Malaysian airliner shot down in Ukraine war zone, 295 dead
11:27PM Thu 17 Jul, 2014
Grabovo, Ukraine: A Malaysian airliner was brought down over eastern Ukraine on Thursday, killing all 295 people aboard and sharply raising stakes in a conflict between Kiev and pro-Moscow rebels in which Russia and the West back opposing sides.
Ukraine accused "terrorists" - militants fighting to unite eastern Ukraine with Russia - of shooting down the Malaysia Airlines Boeing 777 with a heavy, Soviet-era ground-to-air missile as it flew from Amsterdam to Kuala Lumpur.
Leaders of rebels in the Donetsk People's Republic denied any involvement, although around the same time their military commander said his forces had downed a much smaller Ukrainian transport plane - their third such kill this week.
Reuters journalists saw burning and charred wreckage bearing the red and blue Malaysia insignia and dozens of bodies strewn in fields near the village of Grabovo, 40 km from the Russian border near the rebel-held regional capital of Donetsk.

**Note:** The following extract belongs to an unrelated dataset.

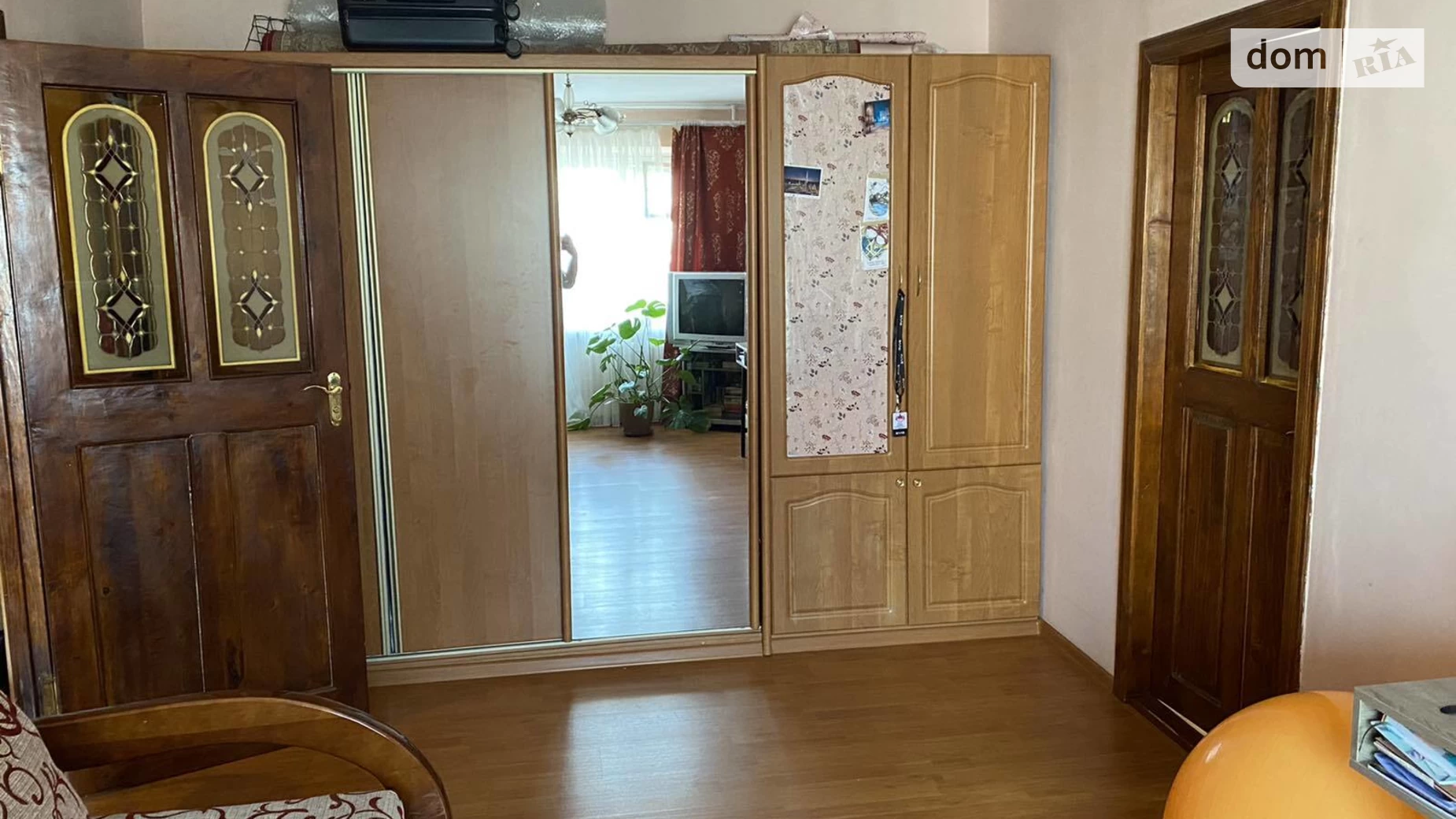 Продается 2-комнатная квартира 44 кв. м в Львове, ул. Тернопольская - фото 2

The scale of the disaster affecting scores of foreigners could prove a turning point for international pressure to resolve a crisis that has claimed hundreds of lives in Ukraine since pro-Western protests toppled the Moscow-backed president in Kiev in February and Russia annexed Crimea a month later.
As word came in of what Ukraine's Western-backed president called a "terrorist attack", the Russian and US leaders, Vladimir Putin and Barack Obama, were discussing a new round of economic sanctions that Washington and its EU partners imposed on Moscow on Wednesday to try to force Putin to do more to curb the revolt against the Western-backed government in Kiev.
They noted the early reports during their telephone call, the White House said, adding that Obama warned of further sanctions if Moscow did not change course in Ukraine.